Which isn't to say that all recycling is bad or that it should never be done. There are cost-effective ways to reuse some common goods, like paper, under some circumstances. But Tierney's view—and the reality now facing some American cities with expensive recycling programs—is that the benefits of recycling have been overstated for years and the costs never clearly understood.
Consider a simple municipal recycling program. You've got a few guys riding around town on large trucks to collect all that plastic, aluminum, and paper waste. You've got to pay them, of course, and you have to buy and maintain the truck, and put gas in it—which means you're creating more greenhouse gases. And that's just to collect everything. You have to pay more people to dig through it and decide what's recyclable and what's not, and about 25 percent of what enters the recycling stream is too contaminated to be useful, according to the National Waste & Recycling Association. Then you have to use more trucks, barges, and trains to get it wherever it needs to go to be recycled. Paper has to be pulped, which requires heat, which might be provided by a coal-powered plant (more greenhouse emissions). The same is true for plastic, which has to be washed with hot water and then melted down.
Americans are really good at buying stuff, and many consumer goods are cheaper than ever. That means we create a lot of waste—60 percent more of it in 2015 than in 1985. But this is a very good sort of problem to have. People living in poor countries don't have the luxury of worrying about recycling or landfilling the things they can't afford to buy in the first place.
We're also just not very good at recycling, despite decades of advocacy campaigns. As Reason's Christian Britschgi has reported, the Environmental Protection Agency says only about 9.5 percent of the plastic generated in 2014 was recycled that year, with 15 percent being incinerated and 75.5 percent of it winding up in landfills.
That's why it's particularly galling to see some places respond to the recycling crisis by focusing on what The Atlantic's Alana Semuels terms the "fourth r beyond 'reduce, reuse, and recycle'—'refuse.'" San Francisco's city government, she writes, "wants people to be smarter about what they purchase, avoiding plastic bottles and straws and other disposable goods."

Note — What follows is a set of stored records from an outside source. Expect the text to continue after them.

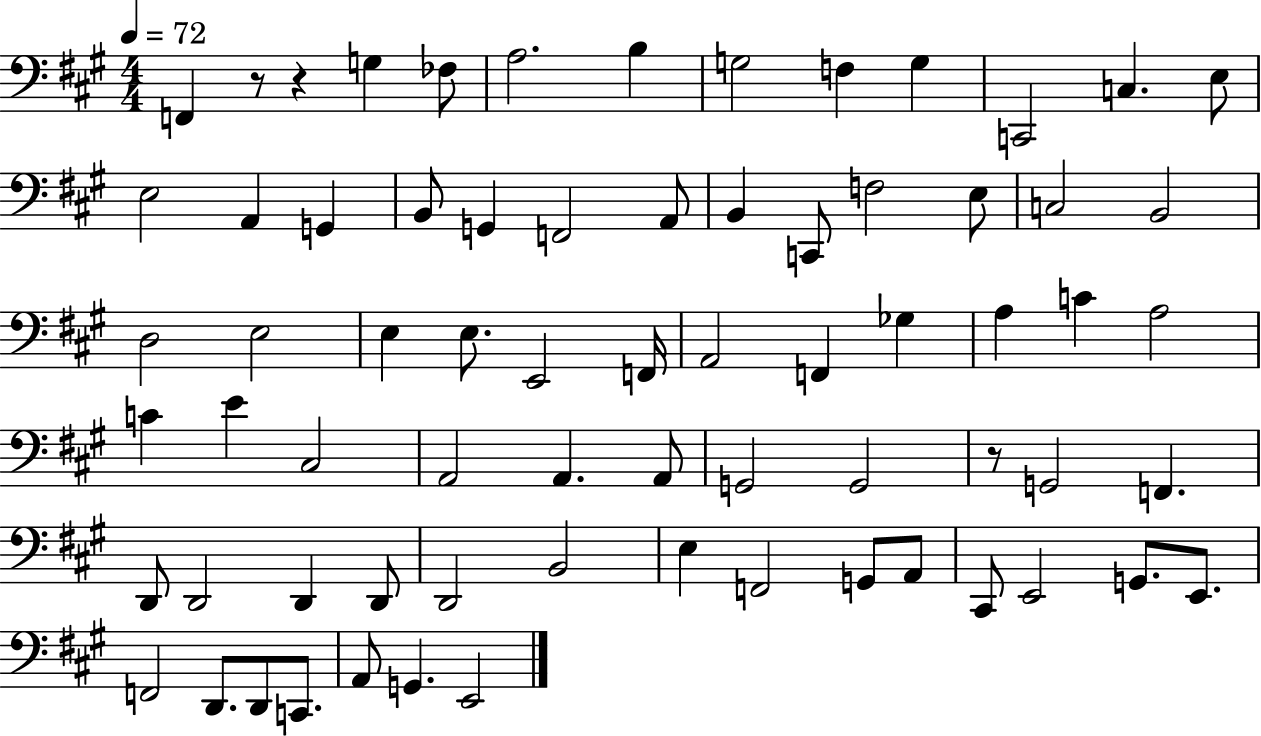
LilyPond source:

{
  \clef bass
  \numericTimeSignature
  \time 4/4
  \key a \major
  \tempo 4 = 72
  f,4 r8 r4 g4 fes8 | a2. b4 | g2 f4 g4 | c,2 c4. e8 | \break e2 a,4 g,4 | b,8 g,4 f,2 a,8 | b,4 c,8 f2 e8 | c2 b,2 | \break d2 e2 | e4 e8. e,2 f,16 | a,2 f,4 ges4 | a4 c'4 a2 | \break c'4 e'4 cis2 | a,2 a,4. a,8 | g,2 g,2 | r8 g,2 f,4. | \break d,8 d,2 d,4 d,8 | d,2 b,2 | e4 f,2 g,8 a,8 | cis,8 e,2 g,8. e,8. | \break f,2 d,8. d,8 c,8. | a,8 g,4. e,2 | \bar "|."
} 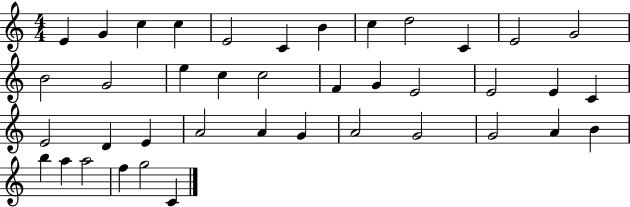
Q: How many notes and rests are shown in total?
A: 40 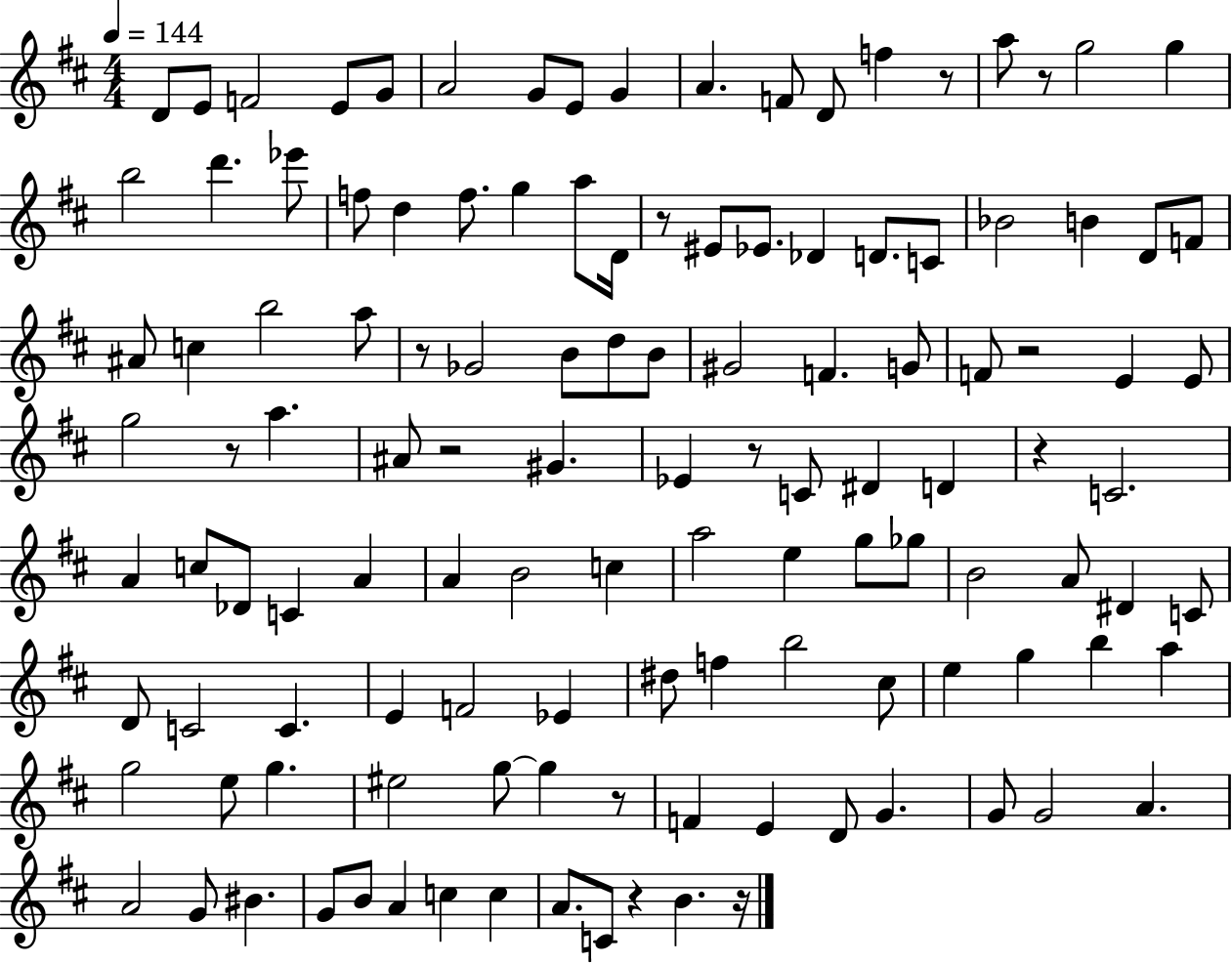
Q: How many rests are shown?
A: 12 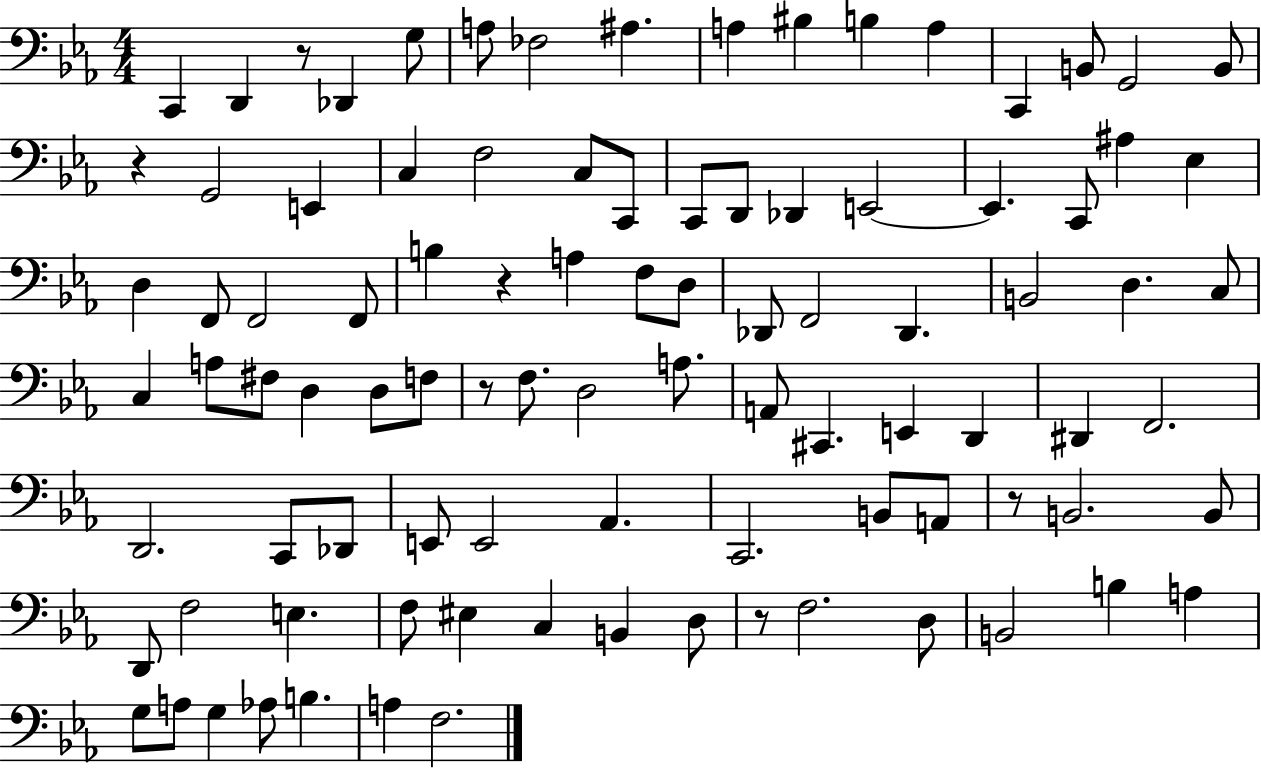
{
  \clef bass
  \numericTimeSignature
  \time 4/4
  \key ees \major
  c,4 d,4 r8 des,4 g8 | a8 fes2 ais4. | a4 bis4 b4 a4 | c,4 b,8 g,2 b,8 | \break r4 g,2 e,4 | c4 f2 c8 c,8 | c,8 d,8 des,4 e,2~~ | e,4. c,8 ais4 ees4 | \break d4 f,8 f,2 f,8 | b4 r4 a4 f8 d8 | des,8 f,2 des,4. | b,2 d4. c8 | \break c4 a8 fis8 d4 d8 f8 | r8 f8. d2 a8. | a,8 cis,4. e,4 d,4 | dis,4 f,2. | \break d,2. c,8 des,8 | e,8 e,2 aes,4. | c,2. b,8 a,8 | r8 b,2. b,8 | \break d,8 f2 e4. | f8 eis4 c4 b,4 d8 | r8 f2. d8 | b,2 b4 a4 | \break g8 a8 g4 aes8 b4. | a4 f2. | \bar "|."
} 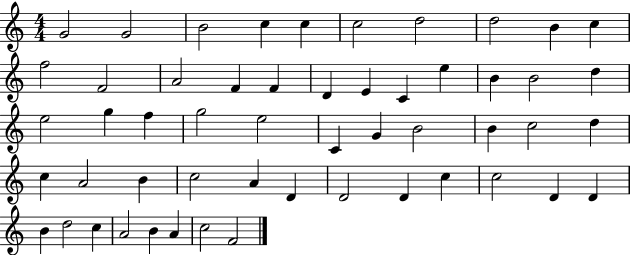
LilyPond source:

{
  \clef treble
  \numericTimeSignature
  \time 4/4
  \key c \major
  g'2 g'2 | b'2 c''4 c''4 | c''2 d''2 | d''2 b'4 c''4 | \break f''2 f'2 | a'2 f'4 f'4 | d'4 e'4 c'4 e''4 | b'4 b'2 d''4 | \break e''2 g''4 f''4 | g''2 e''2 | c'4 g'4 b'2 | b'4 c''2 d''4 | \break c''4 a'2 b'4 | c''2 a'4 d'4 | d'2 d'4 c''4 | c''2 d'4 d'4 | \break b'4 d''2 c''4 | a'2 b'4 a'4 | c''2 f'2 | \bar "|."
} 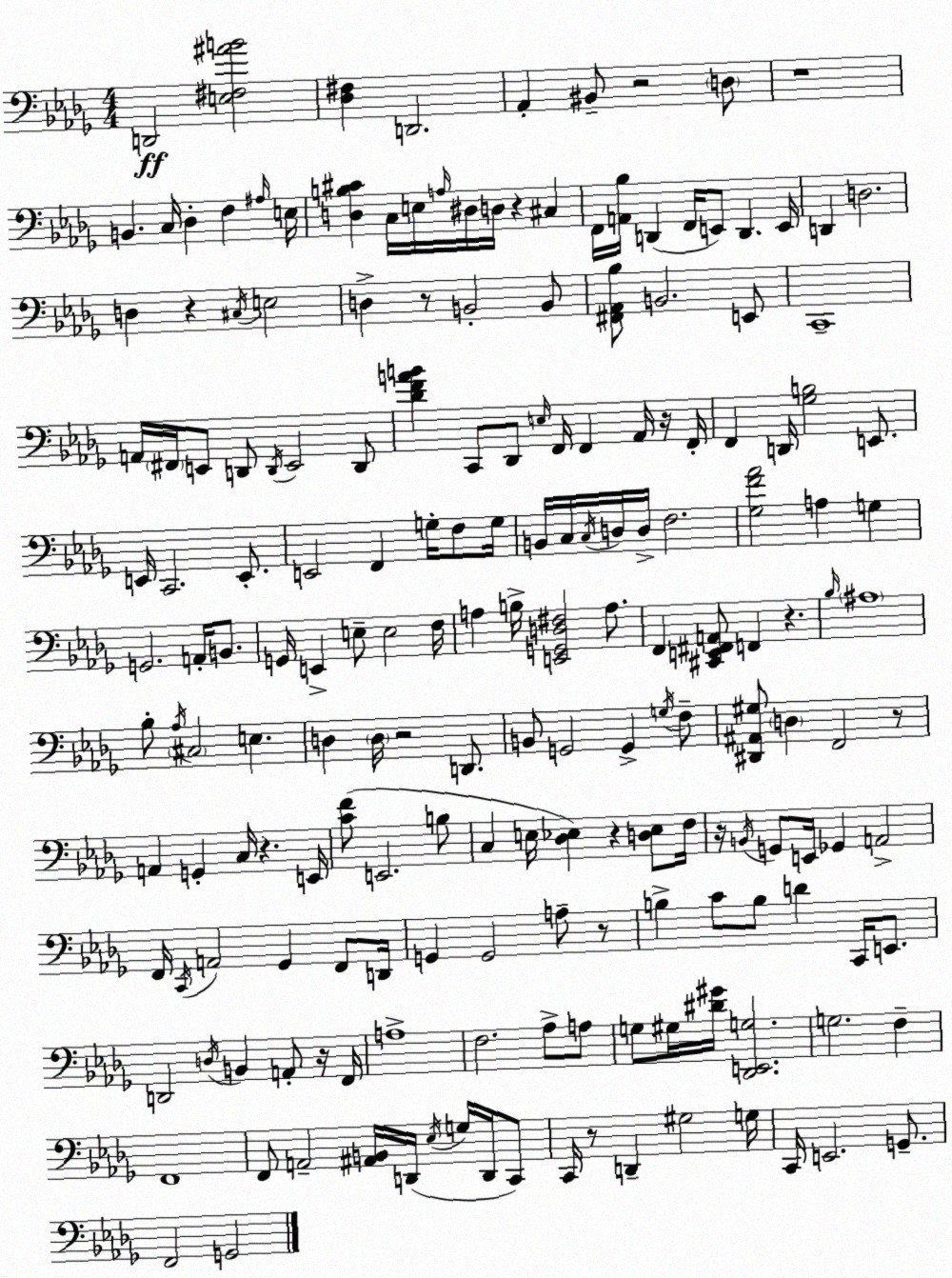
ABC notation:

X:1
T:Untitled
M:4/4
L:1/4
K:Bbm
D,,2 [E,^F,^AB]2 [_D,^F,] D,,2 _A,, ^B,,/2 z2 D,/2 z4 B,, C,/4 _D, F, ^A,/4 E,/4 [D,B,^C] C,/4 E,/4 A,/4 ^D,/4 D,/4 z ^C, F,,/4 [A,,_B,]/4 D,, F,,/4 E,,/2 D,, E,,/4 D,, D,2 D, z ^C,/4 E,2 D, z/2 B,,2 B,,/2 [^F,,_A,,_B,]/2 B,,2 E,,/2 C,,4 A,,/4 ^F,,/4 E,,/2 D,,/2 D,,/4 E,,2 D,,/2 [_DFAB] C,,/2 _D,,/2 E,/4 F,,/4 F,, _A,,/4 z/4 F,,/4 F,, D,,/4 [_G,B,]2 E,,/2 E,,/4 C,,2 E,,/2 E,,2 F,, G,/4 F,/2 G,/4 B,,/4 C,/4 C,/4 D,/4 D,/4 F,2 [_G,F_A]2 A, G, G,,2 A,,/4 B,,/2 G,,/4 E,, E,/2 E,2 F,/4 A, B,/4 [E,,G,,D,^F,]2 A,/2 F,, [^C,,E,,^F,,A,,]/2 F,, z _B,/4 ^A,4 _B,/2 _A,/4 ^C,2 E, D, D,/4 z2 D,,/2 B,,/2 G,,2 G,, G,/4 F,/2 [^D,,^A,,^G,]/2 D, F,,2 z/2 A,, G,, C,/4 z E,,/4 [CF]/2 E,,2 B,/2 C, E,/4 [_D,_E,] z [D,_E,]/2 F,/4 z/4 B,,/4 G,,/2 E,,/4 _G,, A,,2 F,,/4 C,,/4 A,,2 _G,, F,,/2 D,,/4 G,, G,,2 A,/2 z/2 B, C/2 B,/2 D C,,/4 E,,/2 D,,2 D,/4 B,, A,,/2 z/4 F,,/4 A,4 F,2 _A,/2 A,/2 G,/2 ^G,/4 [^D^G]/4 [_D,,E,,G,]2 G,2 F, F,,4 F,,/2 A,,2 [^A,,B,,]/4 D,,/4 _E,/4 G,/4 D,,/4 C,,/2 C,,/4 z/2 D,, ^G,2 G,/4 C,,/4 E,,2 G,,/2 F,,2 G,,2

Asking people to be more thoughtful consumers is one thing, but San Francisco isn't really asking. The city has banned some products entirely, like plastic bags and straws, and has imposed taxes on single-use items like carry-out boxes. That's not going to make recycling more economically feasible or environmentally friendly, but it is going to drive up the cost of doing business in the city and create more inconveniences for everyone who lives there. As for the idea that the tech-heavy Bay Area is going to suddenly become a place where people don't want to buy new things, well, I'll believe that when I see it.
Like most other civic issues, recycling programs should be judged by their costs and benefits. That means an honest assessment of the costs and benefits, one that leaves out the social signaling of environmentalism and the feel-good effects of putting an empty Coke bottle in a plastic bin that's painted blue instead of black. There is no need to recycle all the things all the time, and the market seems to be sending towns and cities a powerful signal about the benefits of calling trash, trash.